Entrons plutôt dans mécanique de la haine. Si d’aventure vous vous risquez sur ces pistes barbelées, vous y apprendrez comment tourner en ridicule et en musique ceux qui vous déplaisent. Nazenbluten procède de la sorte sur No soul guaranted, balançant des rires déments à la suite d’extraits, distordus, de chansons signées James Brown (le pauvre). UK Skull Fuck met la moquerie en branle sur La haine, soulignant chaque extrait polémique de roulements saturés forcenés. Sont ainsi copieusement conspués Johnny Cash (enfin, lui ou un de ses sbires déclarant ne pas fumer de marijuana) ou Edith Piaf (qui ne regrette rien). Attaquer les symboles et ne pas tirer sur les ambulances, on aime ça nous, à (Presque) Fameux. Bien sûr, comme nous sommes en France, tout se termine en chanson, en l’occurrence sur un sample hip hop où tourne la phrase Nique la police. La haine. Plus qu’une chanson, plus qu’un disque, un état d’esprit, une ambition.

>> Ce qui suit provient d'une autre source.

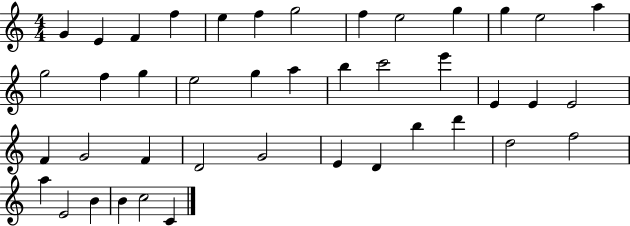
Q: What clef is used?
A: treble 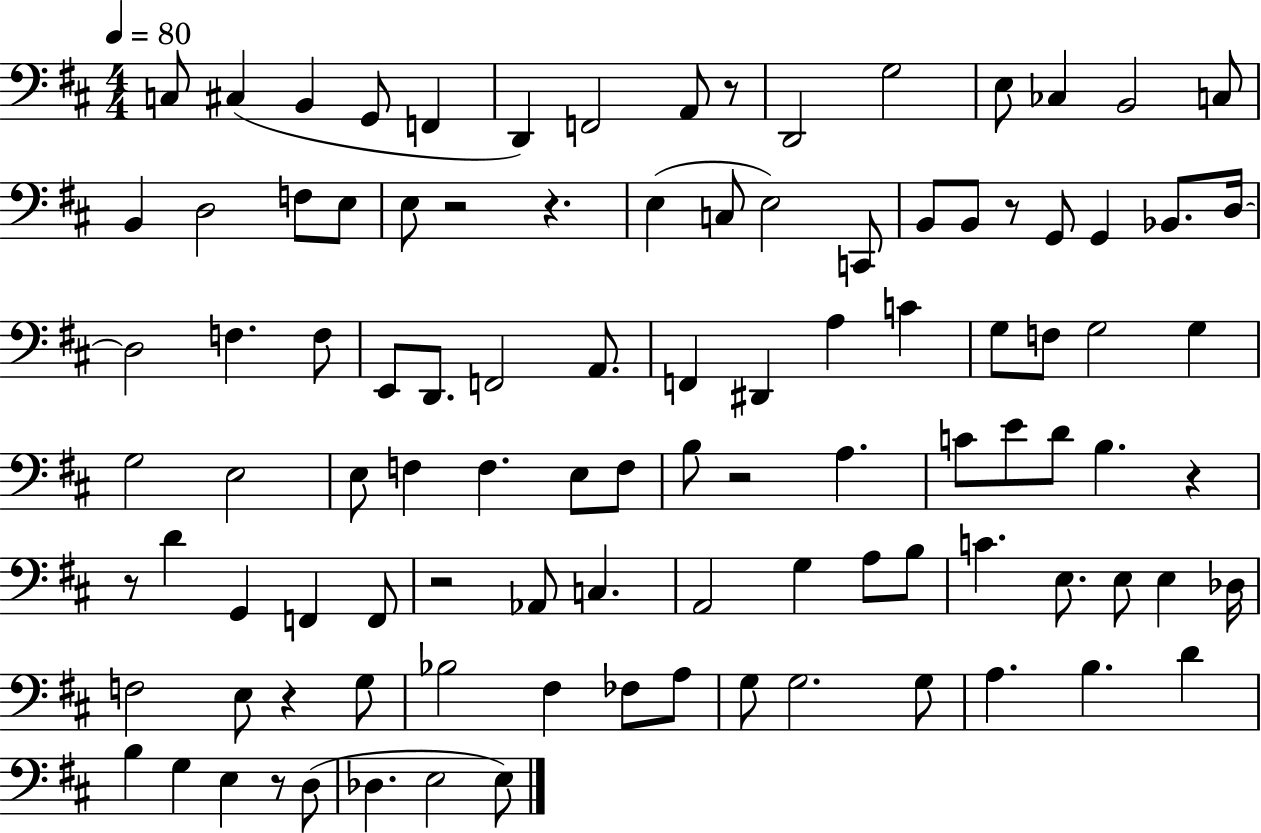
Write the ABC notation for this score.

X:1
T:Untitled
M:4/4
L:1/4
K:D
C,/2 ^C, B,, G,,/2 F,, D,, F,,2 A,,/2 z/2 D,,2 G,2 E,/2 _C, B,,2 C,/2 B,, D,2 F,/2 E,/2 E,/2 z2 z E, C,/2 E,2 C,,/2 B,,/2 B,,/2 z/2 G,,/2 G,, _B,,/2 D,/4 D,2 F, F,/2 E,,/2 D,,/2 F,,2 A,,/2 F,, ^D,, A, C G,/2 F,/2 G,2 G, G,2 E,2 E,/2 F, F, E,/2 F,/2 B,/2 z2 A, C/2 E/2 D/2 B, z z/2 D G,, F,, F,,/2 z2 _A,,/2 C, A,,2 G, A,/2 B,/2 C E,/2 E,/2 E, _D,/4 F,2 E,/2 z G,/2 _B,2 ^F, _F,/2 A,/2 G,/2 G,2 G,/2 A, B, D B, G, E, z/2 D,/2 _D, E,2 E,/2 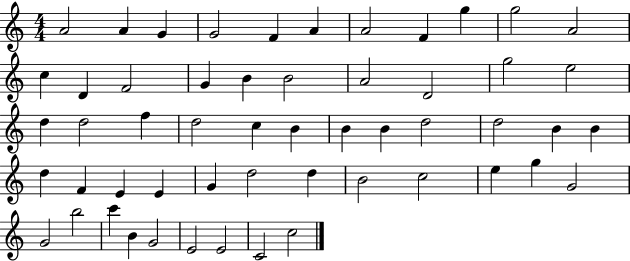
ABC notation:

X:1
T:Untitled
M:4/4
L:1/4
K:C
A2 A G G2 F A A2 F g g2 A2 c D F2 G B B2 A2 D2 g2 e2 d d2 f d2 c B B B d2 d2 B B d F E E G d2 d B2 c2 e g G2 G2 b2 c' B G2 E2 E2 C2 c2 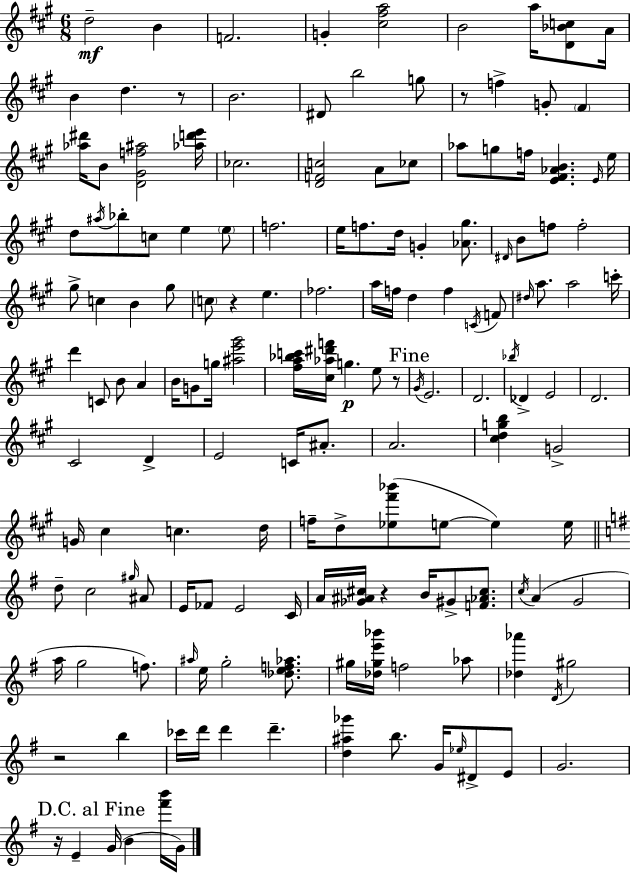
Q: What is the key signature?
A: A major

Que dire d’autre au sujet de cette pièce maîtresse du chaos moderne ? Que si vous avez eu la chance de l’acquérir à l’époque, vous possédez aujourd’hui un disque qui a pris de la valeur. Au contraire de toutes les compilations 90, hardcore, transe ou acid, dont la plupart ne valent même pas le boîtier qui les protège, Hardcore electronic techno a, du fait de son inestimable qualité, vu sa cote grimper. Printemps 2010, on trouve quelques exemplaires entre 5 et 40€, selon l’état. C’est dingue, pas vrai ? Mais que veux-tu, ami jazzman, le prix s’oublie, la qualité reste...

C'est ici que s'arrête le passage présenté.